Starring: Melissa McCarthy, Susan Sarandon, Kathy Bates, Allison Janney, Mark Duplass
Directed by: Ben Falcone
Written by: Melissa McCarthy, Ben Falcone
Rating: R (US) Running Time: 1 hr 36 min
We’re introduced to Tammy (Melissa McCarthy) as she stumbles from one personal disaster to the next. Her car is wrecked in an accident with a deer, which results in her being late for work, again, and she gets fired. That then leads to her getting home early to find her husband having lunch with his new girlfriend. So she’s having a really bad day, and I guess we’re supposed to feel pity for her – right? Wrong!
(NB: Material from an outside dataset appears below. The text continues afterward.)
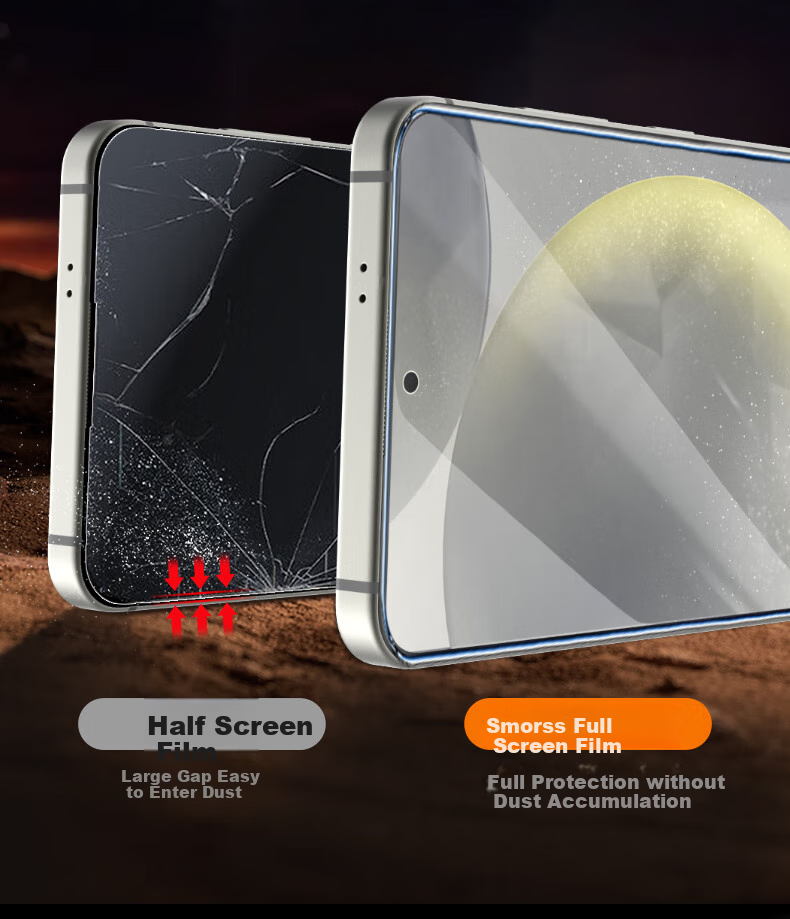 Защитное стекло Smorss для Samsung S24+, полное покрытие, антибликовое, HD, защита от отпечатков пальцев, пылезащитное, противоударное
She hit the deer because she wasn’t paying attention to the road. She was fired because she’s often late for work. Okay, stumbling on your cheating husband is rough, but that whole big discovery scene was weird too. Tammy walks in to find them having lunch. Lunch? Hardly damming evidence of an illicit affair, but therein lies the main problem with this film. It often contrives reasons for you to feel sorry for Tammy, but then has her go on an create more problems for herself.
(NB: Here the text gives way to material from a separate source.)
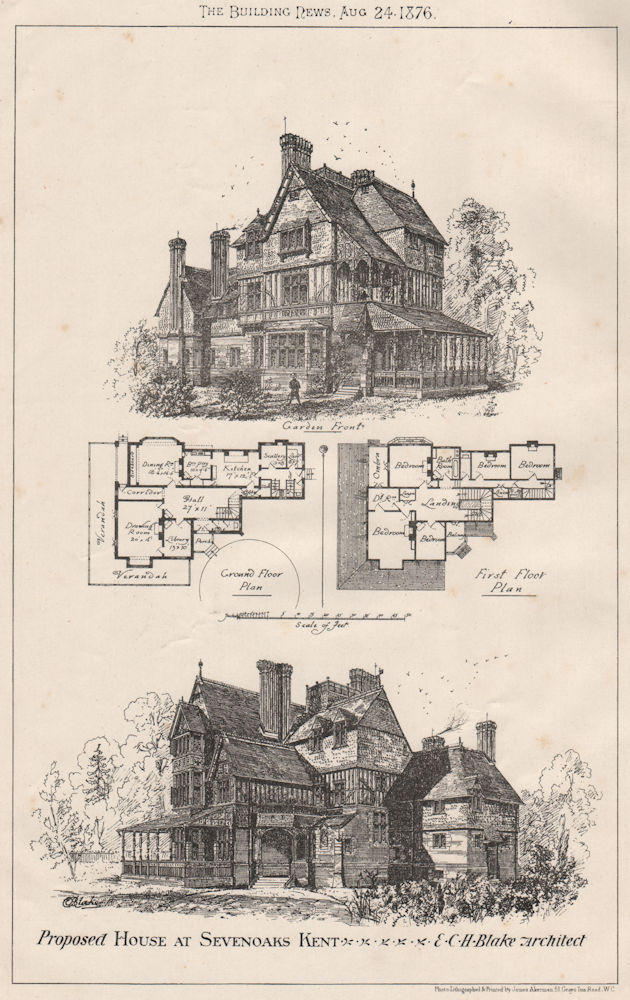 Proposed house at Sevenoaks, Kent; E.C.H. Blake, Architect 1876 old print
So maybe my pity battery was drained, or my stock of empathy was running low, but I wasn’t able to connect to this character or this aimless mess of a movie. When Tammy is creating trouble, there’s a couple of isolated giggles to be had here and there, but for the most part I got the feeling everyone making the film was having a much better time than I was watching it.
It criminally wastes the talents of Susan Sarandon and Kathy Bates, and delivers its bogus morality with all the subtlety of a brick to the face. Melissa McCarthy is a very funny woman, and I loved her roles in Bridesmaids and The Heat, because in those movies she was unapologetically loud and brash. In films like Tammy and Identity Thief, those comedic gifts are mostly ignored in favor of a bizarre need to make the audience pity her characters, and for me at least, it doesn’t work and it certainly isn’t funny.
If you enjoyed Identity Thief then you may get some enjoyment out of this. Tammy is rated R due to its somewhat mild language, and depiction of alcohol abuse. The movie though is trying to be more of a romantic affair rather than gross out comedy.
Tammy is nicely made, but not a visual feast for the eyes. If you can wait, a regular DVD or streaming show on your TV, laptop, tablet or phone will service this film well enough.
Kathy Bates delivers the pep talk to Tammy during the last act of the film. The usual garbage that all it takes to get ahead in life is to work hard. I find this kind of thing just irritating. So, if you’re not getting ahead you’re simply being lazy? Claptrap, and it insults the vast majority of people out there in the world that do work hard, and still have trouble making ends meet. Sorry – I’ll put away my soap box now!